Ana haber saatiydi. Kerbela'yı anma töreni görüntüleri geliyordu ekranlara. Acıyı, utancı ve zalime öfkeyi sembolleştirerek durmaksızın tekrar eden bu görüntülere bakarken...
Ve birdenbire o okçu düştü aklıma!
Yezid'in ordusundaki okçu...
Hani Hz. Hüseyin altı aylık evladını gösterip "ey zalimler, diyelim ki, ben günahkârım ama şu masum çocuğa niçin bir yudum su vermezsiniz?" diye sormuştu da...

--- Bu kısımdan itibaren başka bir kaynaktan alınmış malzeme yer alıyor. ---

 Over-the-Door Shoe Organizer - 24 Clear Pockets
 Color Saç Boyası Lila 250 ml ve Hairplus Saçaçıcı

Bir okçu yayını gerip bırakıvermişti.
Ok gelip minik Ali Asgar'ın boğazına saplanmış, Hz. Hüseyin'in kucağı kanla yıkanmıştı. O okçuyu buna sevk eden neydi?
Gerçekten inançlı biri olsa, aklından geçeni imanın terazisinde tartsa, dururdu.
Basit bir savaşçı olsa, çarpışmanın başlamasını bekler, kundak bebeğini düşman saymazdı.
Okçu besbelli ki...
Kapısına kul olduğu iktidarın hoşuna gitmekten başka bir şey düşünmeyen ve küçük bebeğin susuzluğunun savaş alanında tereddüt yaratacağından korkan aşağılık bir yaratıktı.
***
Ne zaman
Muharrem ayı gelse ve
Kerbela acısı Müslümanların kalbinde yeniden canlansa... İçimi bir
"gariplik" duygusu sarar!
Farklı bir hüzündür bu! Çünkü bilirim...
Acıyı anmak ile acıyı derinden anlamak arasında kesintisiz bir bağ yoktur.
Bilirim...
Olup biteni unutmayalım diye, tenimizi çizer, acıtır, kanatırız ve tam da bu yüzden bazen
"bilincimiz" kapanır, ruhumuz katılaşır!
Bana öyle geliyor ki,
Kerbela olayında da
Müslüman dünya benzer bir hal yaşıyor.
Acıyı, çileyi tekrarladıkça...
Kerbela'yı andıkça...
Tarihsel, siyasal, sosyal gerçeklik gözden uzaklaşıyor.
Ve bu durum
Şii-Sünni ayrılığının altını çizmekten başka şeye yaramıyor ne yazık ki!
***
Birçoğunuz üzerime vazife olmayan bir işe kalkıştığımı düşünebilirsiniz.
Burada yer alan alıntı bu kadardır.